DESCRIPTION OF THE TASK – Beginning with the line that contains "Because the Modus" and ending with the line that contains "Hello, and welcome", reproduce the lines of the entries below exactly, omitting pictures.

INPUT DATA –
━━━

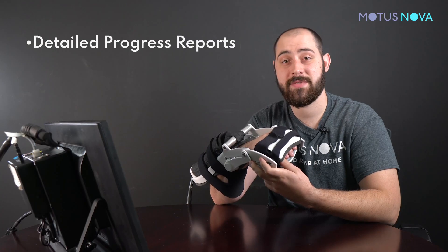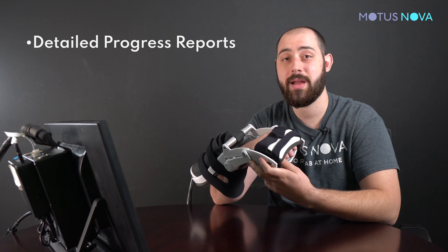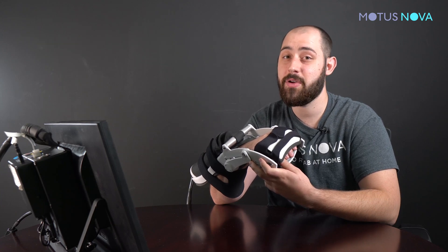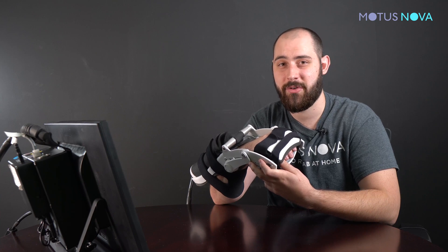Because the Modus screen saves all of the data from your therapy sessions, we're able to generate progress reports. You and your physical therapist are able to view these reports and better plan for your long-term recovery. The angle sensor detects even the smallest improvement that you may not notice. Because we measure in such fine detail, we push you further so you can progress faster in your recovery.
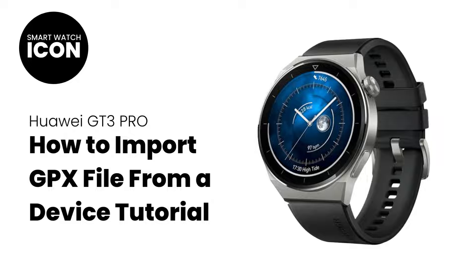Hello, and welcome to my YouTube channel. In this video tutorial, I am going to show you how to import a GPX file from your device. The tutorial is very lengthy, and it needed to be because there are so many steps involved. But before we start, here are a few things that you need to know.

━━━

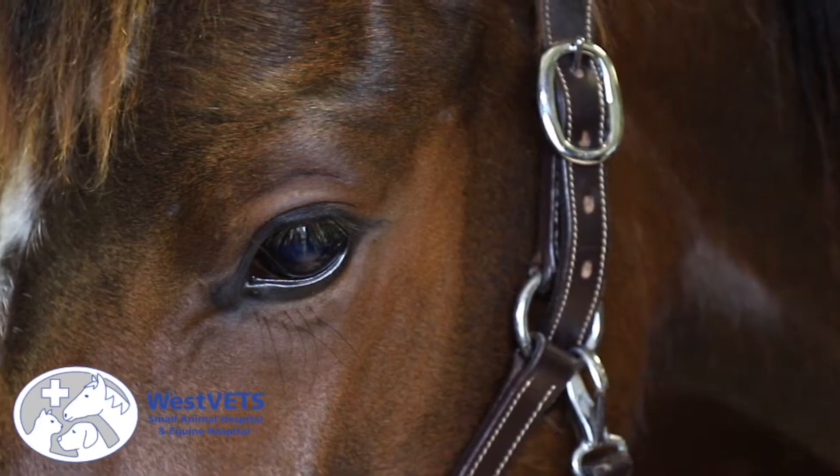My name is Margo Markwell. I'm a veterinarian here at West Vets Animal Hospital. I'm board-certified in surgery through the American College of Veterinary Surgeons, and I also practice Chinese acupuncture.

━━━

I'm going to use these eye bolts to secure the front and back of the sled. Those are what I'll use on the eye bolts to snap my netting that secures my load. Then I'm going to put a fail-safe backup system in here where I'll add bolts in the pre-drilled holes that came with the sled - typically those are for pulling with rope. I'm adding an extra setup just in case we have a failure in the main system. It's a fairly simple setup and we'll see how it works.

━━━

RESPONSE TO THIS EXERCISE –
Because the Modus screen saves all of the data from your therapy sessions, we're able to generate progress reports. You and your physical therapist are able to view these reports and better plan for your long-term recovery. The angle sensor detects even the smallest improvement that you may not notice. Because we measure in such fine detail, we push you further so you can progress faster in your recovery.
Hello, and welcome to my YouTube channel. In this video tutorial, I am going to show you how to import a GPX file from your device. The tutorial is very lengthy, and it needed to be because there are so many steps involved. But before we start, here are a few things that you need to know.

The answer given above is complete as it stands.